Firstly a big thank you to those who sent me feedback on my last post about click-and-collect (and especially to those who "liked" it or forwarded it to all their contacts in turn)!

And now, a warning...

You cannot proceed because you have not reached the minimum order value of €19. Eh?? And this is only the German site. If you want to try the same thing in Belgium, then it's €25.

Congratulations to C&A on possibly the most unorthodox way of avoiding "sticker-shock" at checkout I have yet seen! Doubtless they can be extremely confident that their online customers are not going to abandon their carts due to being unhappy with surprise delivery charges. And on the other hand, delivery is free if you spend more than this minimum. But this does seem a very  strange way of emphasising their very strong "free delivery" message - by hiding it competely on the site homepage, and then jumping on you later if you try and checkout.
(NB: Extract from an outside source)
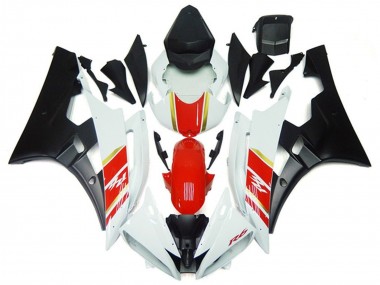 Mejores Carenados Moto Yamaha YZF R6 2006-2007 - Blanco Rojo Oro Negro Mate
Better (best?) practice is demonstrated here by John Lewis. This is the top-left on their homepage (the red circle is my addition):

The free delivery message is considered so important it takes pride-of-place just below the navigation and above the hero product offer.

The C&A "alternative shock" approach seemed unusual enough to prompt a bit more research, and at least validate that my shock was not reflective of some British bias. I've taken a quick look at a few top British, French and German sites:


And no, nobody else is trying this "minimum cart size achtung" approach! No surprise there then... However the first surprise is how hard it is to find this information. Consumer unhappiness with delivery pricing is THE top reason for cart abandonment (assuming you have a basically clean-functioning site). From Forrester's 2010 cart abandonment reasons study:

And the top consumer expectation of a website is that pricing and shipping information is clear:

So why hide it? Customers demand this information. No points to, whose help pages were simply not working (it's a priority guys, not an annoying bit of the website that doesn't matter much). But particularly on the German sites, it is remarkably difficult to find the facts. A standard footer would be a strong recommendation (example from John Lewis again);

Second surprise is how few sites (and not just top sites) offer free delivery above a threshold level. Free delivery over threshold is a very good idea for a few reasons:
  1. checkout conversion rates are known to be lower at psychologically critical price points (it's the old $9.99 thing again), especially at the critical 3-digit point in dollars, euros or pounds. If you want those €95 carts to convert - a figure remarkably close to the average cart size on many sites - don't slap a delivery charge on which takes it over the €100 mark.
  2. customers will add an extra article to their cart to get above the free delivery threshold. Set your free threshold to just above your typical cart size!
  3. any free delivery message is a very powerful messaage
  4. turning away orders (like C&A) is turning away all distress-purchases. Given that a primary driver for customers to use online is convenience, eliminating all those potential customers having a panic-buy moment for that item they desperately need for their summer holidays is a big loss of trade. OK, servicing small orders is expensive, but customers will pay for this convenience. Make the charge standard, waive it over any reasonably threshold.
The ubiquity of delivery charges also implies another misconception (I see this quite often when I work with clients new to online): multichannel is not free, and is no more/less profitable than stores. There is a cost to having stores: expensive space in town-centres and shopping malls, presentable staff, distribution networks. The customer comes to this expensive space. In effect you have paid a high cost per unit sale to have the customer come to you. In a non-store/online model, you pay a cost per sale to take yourself to the customer - fulfilment centre, picking/packing, shipping. The costs are (or should be) comparable per unit sale.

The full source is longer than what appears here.